À 80 ans, Gloria Jansoma en a vu d’autres. Cette ancienne institutrice originaire de Barcelone qui a vécu à Buenos Aires est venue ce matin s’enquérir du bureau de vote où elle devrait voter dimanche. Devant l’Université de Barcelone, sur la Gran Via qui traverse la ville, une demi-douzaine d’étudiants en grève renseignent les électeurs, surtout des personnes âgées, qui n’ont pas accès à Internet. Gloria a bien pris soin de prendre deux bulletins de vote, pour elle et son mari. Des fois que le bureau de scrutin en manquerait, à la suite des saisies de la police de Madrid.
« Vous savez, moi, on ne me la fait pas, dit-elle. Quand j’étais petite, on nous punissait à l’école quand on parlait catalan. J’ai vécu sous la dictature Franco et j’ai même connu celle d’Eva Perón en Argentine. Alors, les gardes civils ne me font pas peur. » Dimanche, elle entend bien aller voter tôt, au lycée près de chez elle, dans son quartier de Sant Gervasi.
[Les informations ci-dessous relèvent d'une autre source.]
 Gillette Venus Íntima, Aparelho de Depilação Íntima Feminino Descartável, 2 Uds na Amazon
Si bien sûr le lycée n’est pas barricadé et assiégé par les policiers.
Car, dans le bras de fer qui oppose Madrid à Barcelone, les écoles qui servent en majorité de bureaux de scrutin sont devenues un enjeu de taille. Sous la responsabilité de la Generalitat de Catalogne, elles n’ont aucun lien avec Madrid. C’est pourquoi le gouvernement espagnol exige qu’avant samedi, elles soient réquisitionnées par la police catalane. Les directeurs d’école ont été menacés de poursuite, et la police sommée d’interdire l’accès des lieux de vote dans un rayon de 100 mètres. « Madrid veut faire faire le sale boulot par les policiers catalans, explique l’historien Joan Culla. Elle ne veut surtout pas qu’une photo fasse le tour du monde montrant des gardes civils espagnols en train de saisir des urnes. Vous imaginez l’effet ! »
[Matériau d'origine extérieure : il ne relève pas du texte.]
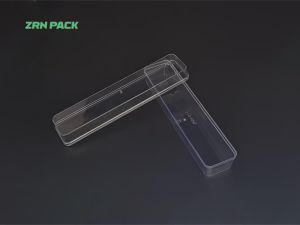 90ml Rectangular Transparent PS Plastic Cake Box &ndash; Food Grade Clear Dessert Packaging Container main view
La police catalane entre deux feux
D’où le bras de fer qui se déroule ces jours-ci en Catalogne. Il est clair que dimanche, les 6000 à 10 000 policiers espagnols dépêchés par Madrid ne suffiraient pas à empêcher des millions de personnes d’aller voter, explique l’historien. Le 9 novembre 2014, ils avaient été plus de deux millions à participer à une simple « consultation ». Ils devraient être beaucoup plus nombreux cette fois-ci. C’est pourquoi Madrid, qui a pris le contrôle des finances de la Generalitat, tente de mettre au pas les 17 000 policiers catalans qui risquent leur salaire et leur tête s’ils refusent d’obéir.
Que feront-ils dimanche ? « On n’en sait rien, dit Culla. Il est certain qu’ils ne pourront pas désobéir ouvertement. Mais on peut penser qu’ils vont essayer de ne pas porter le chapeau et se traîner les pieds. » Depuis plusieurs jours, le responsable de la police autonome catalane, le major Josep Lluís Trapero, tente de surnager. Sans désobéir à Madrid, il invoque des problèmes de temps, mais surtout les graves problèmes d’« ordre public » que créerait une intervention policière dans les écoles. Des problèmes plus graves, dit-il, que ceux que l’on veut résoudre. En réaction à l’ingérence de Madrid, la présidence Catalane a convoqué le Conseil de sécurité catalan, dont il estime qu’il est seul compétent sur les policiers catalans. Mais mercredi, c’est la Cour supérieure de la Catalogne qui a ordonné aux policiers catalans d’obtempérer.
Si ces derniers perdent le contrôle de la situation, de nombreux observateurs craignent qu’une action des gardes civils, venus de toutes les régions d’Espagne et qui ne connaissent pas le pays, entraîne des dérapages.
Des oeillets pour la police
« Dimanche, personne ne sait ce qu’il va se passer. Mais nous allons voter », assure Jordi Vives, porte-parole des étudiants en grève de l’Université de Barcelone, qui étudie pour devenir professeur d’histoire. Depuis plusieurs jours, les grévistes ont assisté à des conférences leur expliquant comment résister pacifiquement si jamais les policiers interviennent. Entre eux, ils communiquent via Telegram, car ils jugent que le réseau Whatsapp est moins bien protégé d’une éventuelle surveillance. Lors des manifestations, les étudiants ont pris l’habitude de distribuer des oeillets aux policiers catalans. Un rappel de la Révolution portugaise à laquelle s’était finalement ralliée l’armée.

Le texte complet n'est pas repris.